■ Directions for this task
No pictures go into the copy. Write out exactly the lines below from the one containing "Stainless Steel Lovely" through the one containing "July Birthstone Claddagh Ring".

■ Records
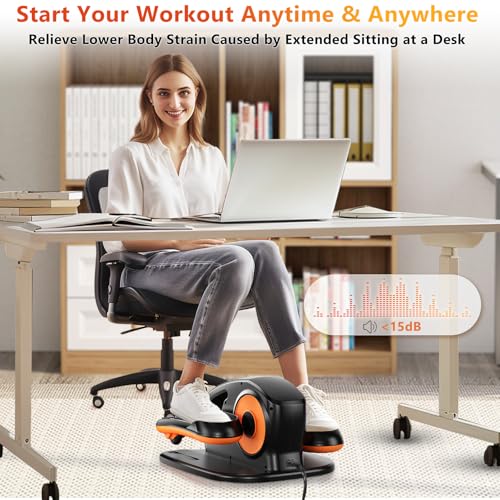 Under Desk Elliptical Machine with Remote, 15 Speeds, Portable Leg Exerciser for Seniors G6270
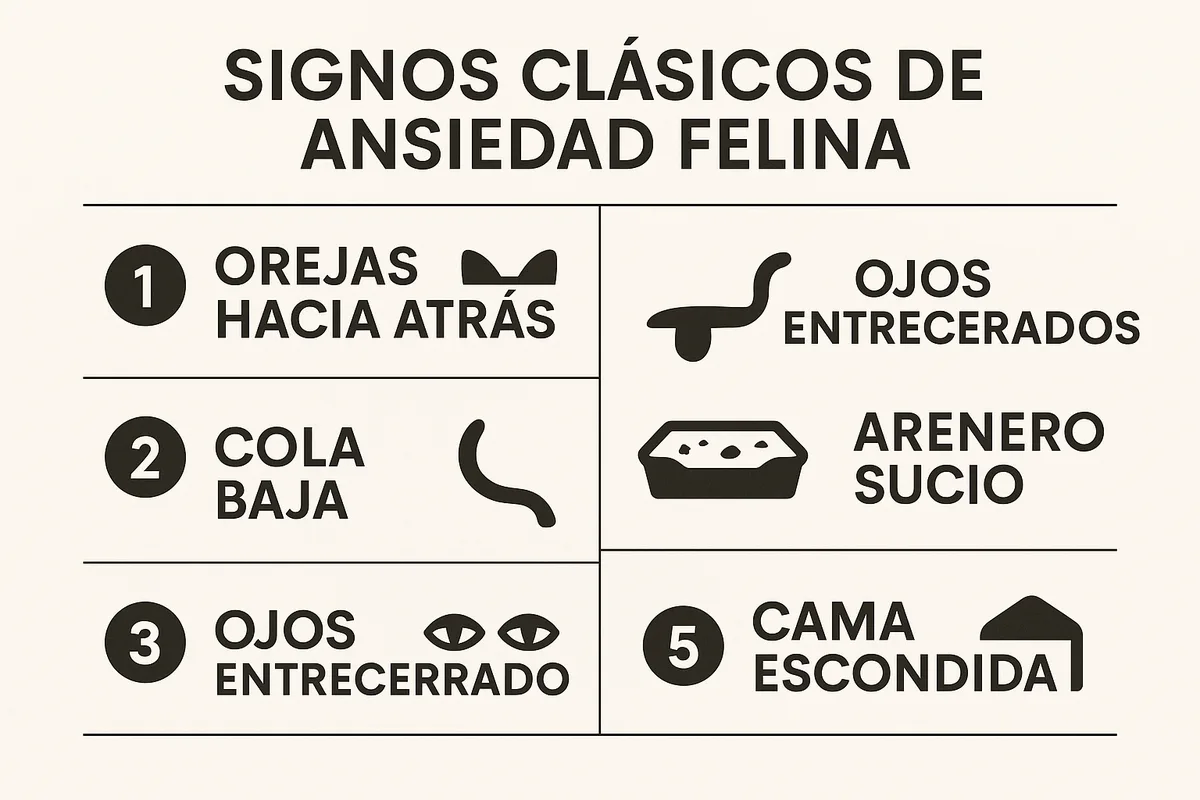 10-12 signos clásicos de ansiedad felina , usando iconos de orejas, cola, ojos, arenero, comida, cama, juguetes y refugios. I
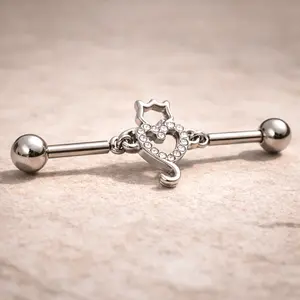 Stainless Steel Lovely Cat Chain Industrial Barbell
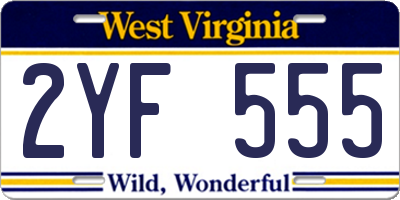 WV license plate 2YF555
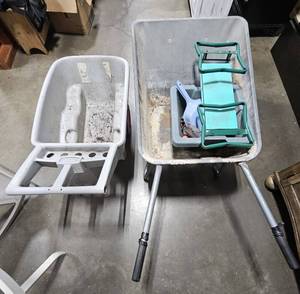 lot 15 image: Two Wheel Barrels & A Garden Bench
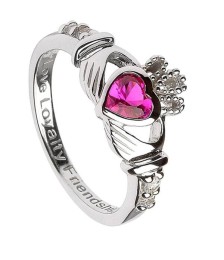 July Birthstone Claddagh Ring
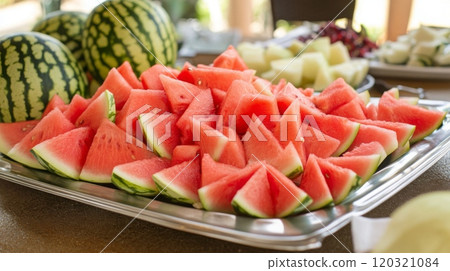 A vibrant display of watermelon slices arranged neatly on a tray, showcasing the refreshing fruit at a summer event. 120321084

■ Response area
 Stainless Steel Lovely Cat Chain Industrial Barbell
 WV license plate 2YF555
 lot 15 image: Two Wheel Barrels & A Garden Bench
 July Birthstone Claddagh Ring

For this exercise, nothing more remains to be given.